The one-time passphrase alone decrypts nothing: the vault lives on your storage, not in the chat. An adversary would need the passphrase and read access to your storage during the minutes before Alice replaces it, and to defeat the fingerprint they would additionally need your vault's master key. If you ever suspect that window was compromised, or a slot stays provisional suspiciously long (notenv doctor flags it), run notenv key rotate-master (and notenv key rm the slot): a fresh master key makes anything an interceptor captured useless.

Onboarding needs write access

Replacing the one-time passphrase is a header write. If your team uses read-only storage credentials for some members, onboard with the write-capable credential first, then switch the member to the read-only one.

Enroll a machine

CI jobs and agents are not teammates; they get identities, provisioned through the platform's secret store:

notenv key add --machine ci

This prints a new age identity exactly once, for pasting into the secret store; notenv saves it nowhere. The machine presents it via NOTENV_IDENTITY. If the machine generated its own identity, enroll its public key instead: notenv key add --machine ci --recipient age1.... See the CI guide for the full recipe, including enforced read-only.

Offboard a teammate or machine

notenv key rm alice

This removes the slot and re-keys the vault: it mints a fresh master key and re-encrypts every secret, so the removed credential can no longer decrypt. All surviving slots keep working, and the re-key propagates to other machines automatically (see below).

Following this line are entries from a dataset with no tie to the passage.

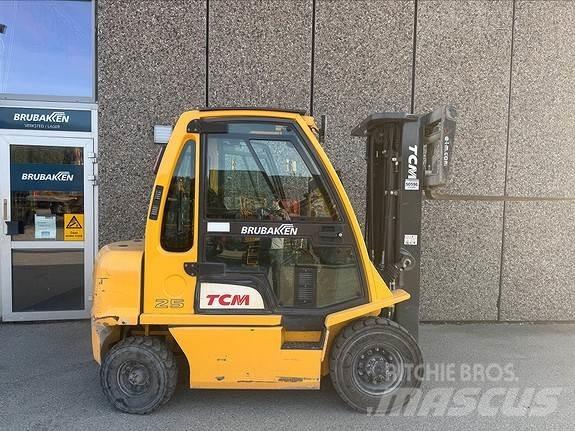 TCM FD25 Empilhadores Diesel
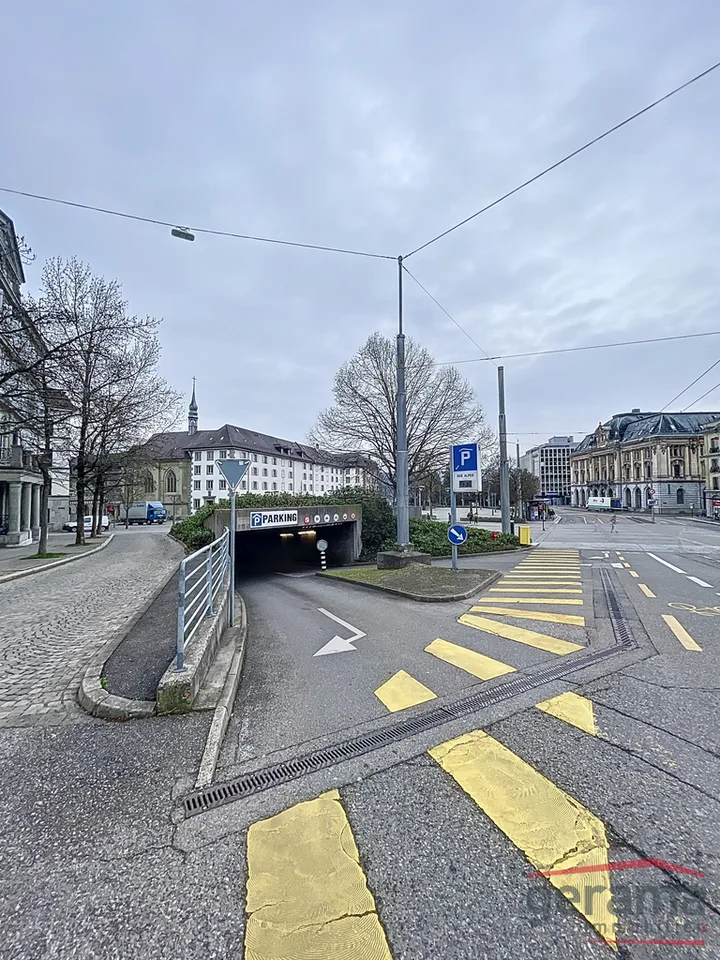 A 2 min de toutes les commodités / place de parc intérieure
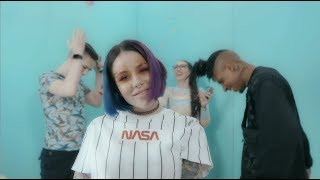 L A I K A - JUICEBOX OFFICIAL VIDEO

notenv does not own your storage

notenv cannot revoke a former holder's storage write access. For complete offboarding, also rotate that storage's credential at your provider. Otherwise a holder who kept both the old master key and write access could fork the vault's history. notenv detects such a fork but cannot prevent it; key rm reminds you to rotate the credential. See the threat model.

Other key operations

Operation Command Effect
Change your passphrase notenv key rotate Rewraps your slot. Header only; secrets untouched.
Re-key as a precaution notenv key rotate-master Fresh master key, every secret re-encrypted, all slots kept.
Transfer governance notenv key set-primary <name> Moves the advisory primary slot (the one key rm refuses to remove).
Inspect slots notenv key list Name, principal, primary, added date, fingerprint. --json for machines.

Re-keys propagate silently

Re-keys, including offboarding, reach the other machines automatically. Each rotation is signed by the key it replaces, so every other machine verifies the chain and follows without prompts or alarms. notenv key trust (which shows what changed and asks) is needed only for a master change that carries no such signed proof.